• **EXCERPTED RECORDS**:
--------------------------------

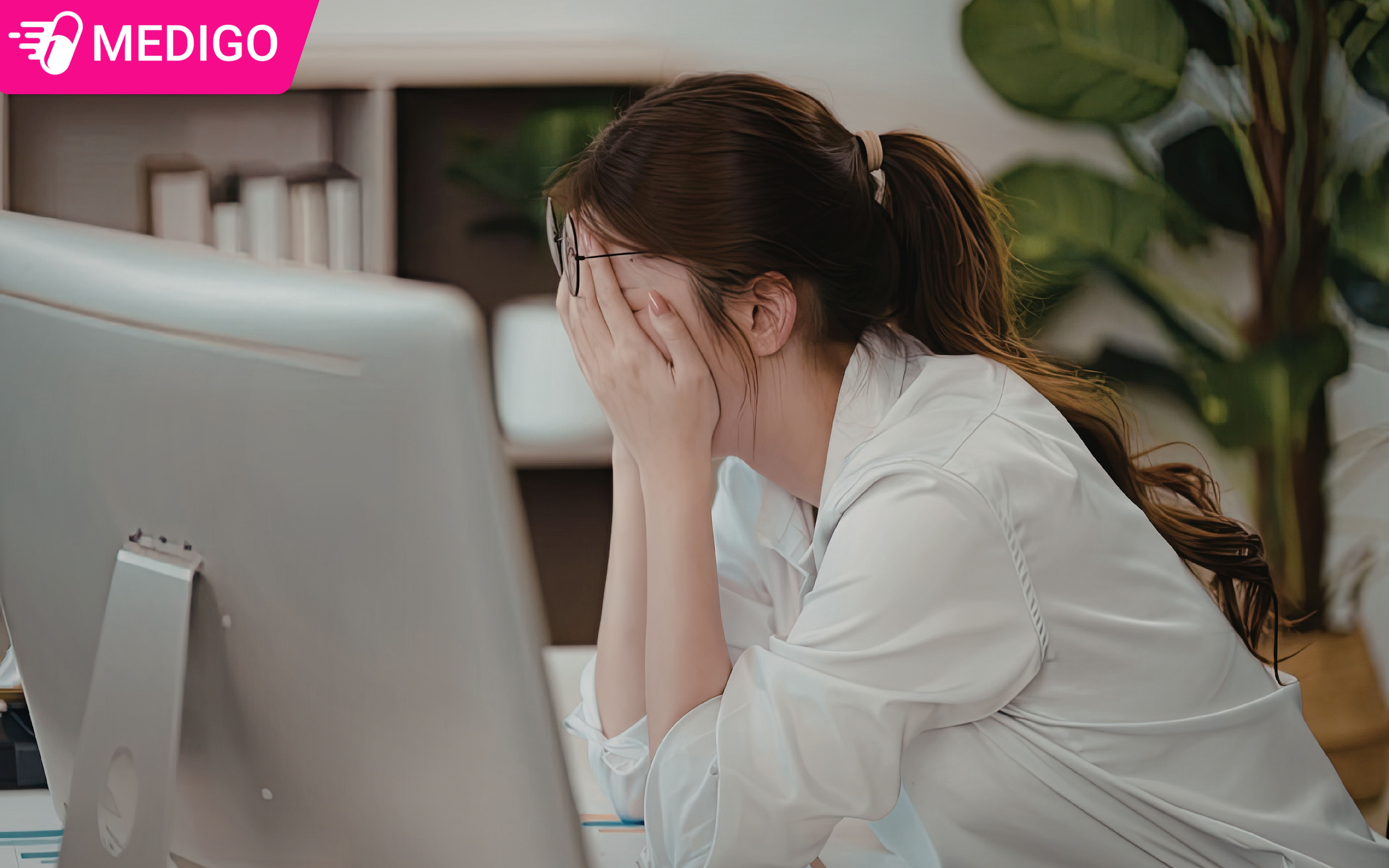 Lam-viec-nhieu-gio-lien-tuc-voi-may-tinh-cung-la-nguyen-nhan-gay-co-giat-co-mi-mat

--------------------------------

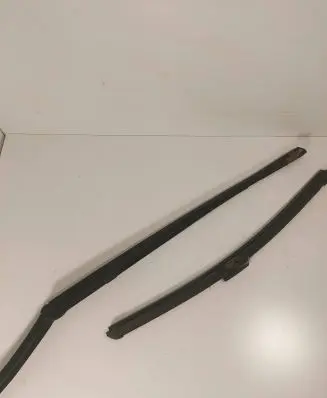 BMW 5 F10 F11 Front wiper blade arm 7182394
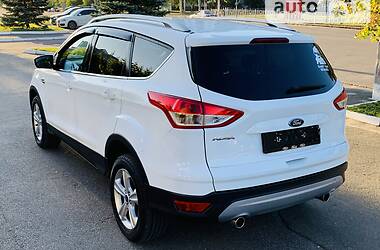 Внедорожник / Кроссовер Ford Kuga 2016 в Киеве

--------------------------------

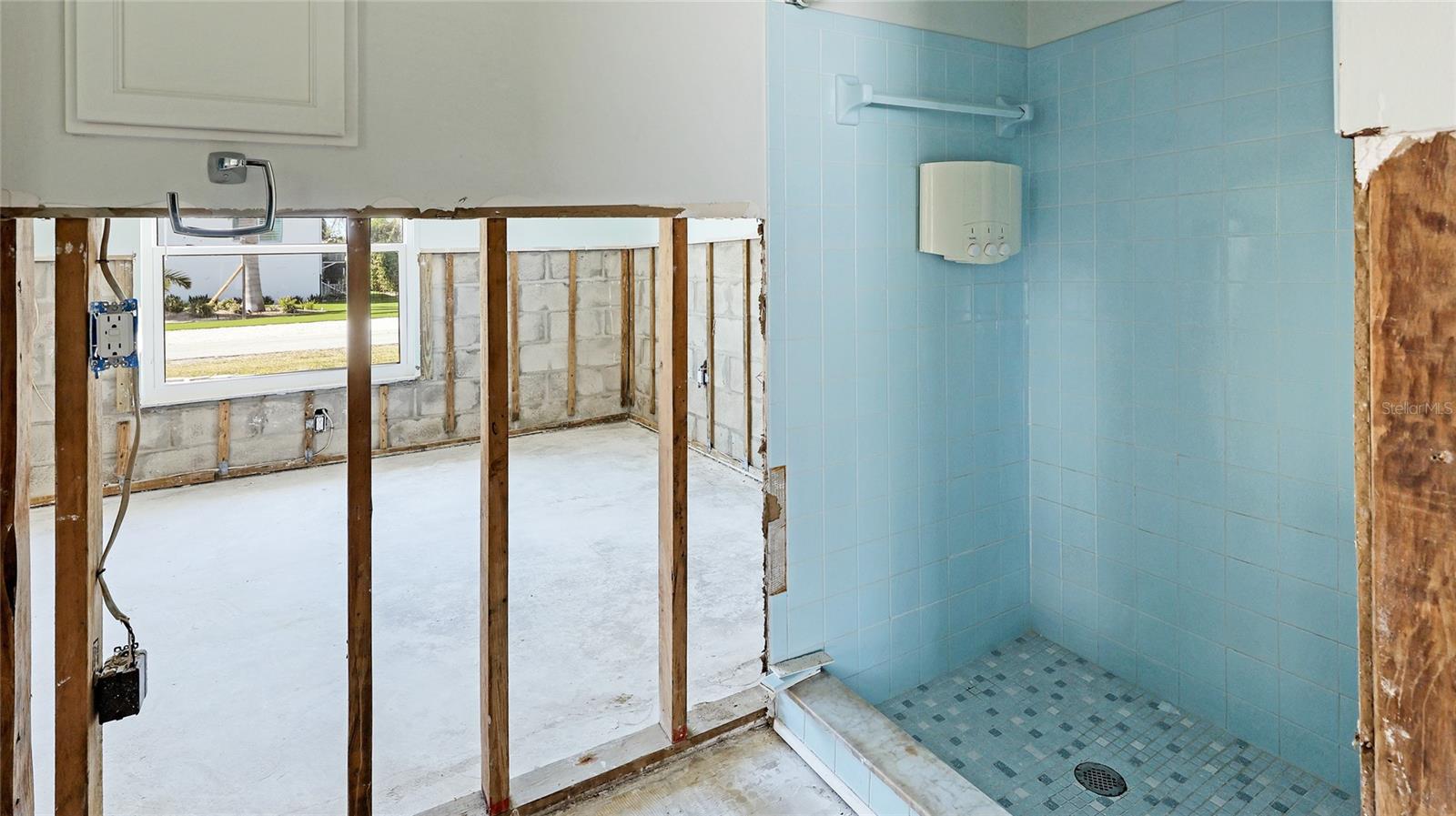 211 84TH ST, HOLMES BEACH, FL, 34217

--------------------------------

• **WHAT THE TASK REQUIRES**: Please output the lines above beginning at the line with "BMW 5 F10 F11 Front wiper blade arm 7182394" and ending after the line with "Внедорожник / Кроссовер", precisely as written and with no pictures.

• **ANSWER BOX**:
 BMW 5 F10 F11 Front wiper blade arm 7182394
 Внедорожник / Кроссовер Ford Kuga 2016 в Киеве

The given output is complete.